## [AIM OF THE EXERCISE]
Would you please copy exactly the line with "RPS7 Rabbit Polyclonal Antibody" and all lines that follow it in the data below, through the last one?

## [DATASET EXCERPT]
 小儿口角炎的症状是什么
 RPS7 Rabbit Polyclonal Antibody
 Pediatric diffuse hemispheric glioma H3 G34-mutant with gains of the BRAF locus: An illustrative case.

## [SOLVED EXERCISE]
 RPS7 Rabbit Polyclonal Antibody
 Pediatric diffuse hemispheric glioma H3 G34-mutant with gains of the BRAF locus: An illustrative case.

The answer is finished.